- Theatrical release poster
- Directed by: Raihan Rafi
- Screenplay by: Nazim Ud Daula; Raihan Rafi;
- Story by: Raihan Rafi
- Produced by: Shahriar Shakil; Redoan Rony;
- Starring: Afran Nisho; Toma Mirza;
- Cinematography: Sumon Sarker
- Edited by: Sumit Ray Antor
- Music by: Arafat Mohsin; Sajid Sarker; Emon Chowdhury;
- Production companies: Alpha-i; Chorki;
- Distributed by: Shree Venkatesh Films; The Content Specialists; Bioskope Films; Bongoz Films;
- Release date: 29 June 2023 (Bangladesh);
- Running time: 150 mins
- Country: Bangladesh
- Language: Bengali
- Budget: est. ৳2 crore (US$160,000)
- Box office: est. ৳15 crore (US$1.2 million)

= Surongo =

2023 Bangladeshi crime thriller film

Surongo (সুড়ঙ্গ, ) is a 2023 Bangladeshi thriller film directed by Raihan Rafi and produced by Alpha-i and Chorki. The film features Afran Nisho and Tama Mirza as lead roles. It is mark the debut film of Afran Nisho on the big screen.

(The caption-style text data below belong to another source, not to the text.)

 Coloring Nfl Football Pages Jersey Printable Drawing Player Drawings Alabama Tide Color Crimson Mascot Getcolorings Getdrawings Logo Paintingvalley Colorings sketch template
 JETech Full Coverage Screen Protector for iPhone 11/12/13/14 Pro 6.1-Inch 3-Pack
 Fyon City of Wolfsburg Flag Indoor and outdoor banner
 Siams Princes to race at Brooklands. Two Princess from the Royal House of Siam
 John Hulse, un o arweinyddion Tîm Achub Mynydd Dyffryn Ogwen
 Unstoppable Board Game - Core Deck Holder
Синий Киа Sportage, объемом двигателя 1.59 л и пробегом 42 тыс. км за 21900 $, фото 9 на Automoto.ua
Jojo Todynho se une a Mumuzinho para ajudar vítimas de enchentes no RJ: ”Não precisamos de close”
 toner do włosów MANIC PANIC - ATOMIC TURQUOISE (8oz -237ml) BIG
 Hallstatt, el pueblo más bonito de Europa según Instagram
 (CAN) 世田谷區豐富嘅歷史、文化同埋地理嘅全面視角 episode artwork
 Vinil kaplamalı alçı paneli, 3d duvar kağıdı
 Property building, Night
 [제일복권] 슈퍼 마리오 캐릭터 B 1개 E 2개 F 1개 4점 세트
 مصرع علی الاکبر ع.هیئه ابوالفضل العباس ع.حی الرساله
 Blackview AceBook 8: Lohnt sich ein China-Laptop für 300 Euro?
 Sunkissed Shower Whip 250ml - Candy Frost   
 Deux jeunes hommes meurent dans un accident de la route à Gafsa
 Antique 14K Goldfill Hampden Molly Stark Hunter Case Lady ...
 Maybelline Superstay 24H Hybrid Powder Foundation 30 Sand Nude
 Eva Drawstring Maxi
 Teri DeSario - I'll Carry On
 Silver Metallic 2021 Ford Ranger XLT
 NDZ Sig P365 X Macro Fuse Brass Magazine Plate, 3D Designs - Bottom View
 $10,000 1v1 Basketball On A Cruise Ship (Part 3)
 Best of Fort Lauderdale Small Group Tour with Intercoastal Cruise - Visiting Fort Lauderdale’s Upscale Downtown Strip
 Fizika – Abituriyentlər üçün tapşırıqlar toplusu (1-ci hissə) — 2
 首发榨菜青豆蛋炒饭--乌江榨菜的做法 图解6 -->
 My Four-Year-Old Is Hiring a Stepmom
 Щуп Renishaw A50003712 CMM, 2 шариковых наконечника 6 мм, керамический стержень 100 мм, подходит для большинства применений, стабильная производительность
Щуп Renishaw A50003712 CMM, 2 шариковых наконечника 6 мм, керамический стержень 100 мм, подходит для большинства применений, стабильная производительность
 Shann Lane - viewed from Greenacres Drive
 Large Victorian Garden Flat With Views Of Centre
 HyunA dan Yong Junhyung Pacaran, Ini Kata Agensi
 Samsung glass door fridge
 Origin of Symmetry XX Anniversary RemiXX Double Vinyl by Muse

Surongo was released on 29 June 2023, during the Eid al-Adha festival in Bangladesh. It received positive reviews from critics with praise for the cast performances specially Afran Nisho, Cinematography, music, direction and the story's emotional depth and dark tone. The film became a box office success as blockbluster. It stands as the second highest grossing Bangladeshi film of 2023. A sequel, titled Surongo 2 is slated for release in December 2026.

== Plot ==
Masud, an electrician, falls in love with Moyna after seeing her one day while repairing a street lamp. They meet again when Masud is called to fix Moyna's fridge, after which they start dating. Masud and Moyna marry. Masud finds a job in Malaysia to support his new family. While he is away, Moyna receives gifts from her friend Jahir and begins an affair with him. Eventually, Moyna leaves Masud and runs away with Jahir. However, after eloping with him, she discovers that he is already married. Meanwhile, Masud returns to Bangladesh to find that the chairman of his union council has repossessed his home because he could not repay the wedding loan. He searches for Moyna and Jahir and eventually finds them. Masud works as an ice breaker and a mine worker, but these jobs do not earn him enough money. Consequently, he spends nine months digging an underground tunnel to steal money from a bank. After completing the tunnel, he steals 340 million Bangladeshi taka and tells his ex-wife about it during a video call. The police offer a reward of 500,000 taka for information leading to the thief's capture, and Moyna informs on him. After being imprisoned, Masud escapes by digging a tunnel and sets fire to Moyna in an act of revenge.

== Cast ==
- Afran Nisho as Masud
- Toma Mirza as Moyna
- Mostafa Monwar as Jahir (Masud's friend)
- Shahiduzzaman Selim as Apel Khan (the chief investigating officer)
- Ashoke Bepari as the bank manager
- Monir Ahmed Shakeel as the bank manager's driver
- Nusraat Faria as the item number dancer

== Production ==

The story of 'Surongo' is really special to me. I wanted to direct this movie for a long time but I had some limitations as I couldn't make it without the help of strong producers. Fortunately, I now have two big producers who understand my vision properly.
— —Raihan Rafi to The Daily Star

Before Surongo, television actor Afran Nisho did not act in any films due to them not having a clear and polished plot. Towards the end of 2022, he slowly started to not appear in various TV dramas and web series, leading to rumors that he was preparing to make his film debut. It was reported that an official announcement about the film would be made on 12 December of the same year, and the filming would begin the following year. On 28 February 2023, there was an inauguration ceremony of the film. Raihan Rafi wanted to finish filming, as that was his highest priority at the time.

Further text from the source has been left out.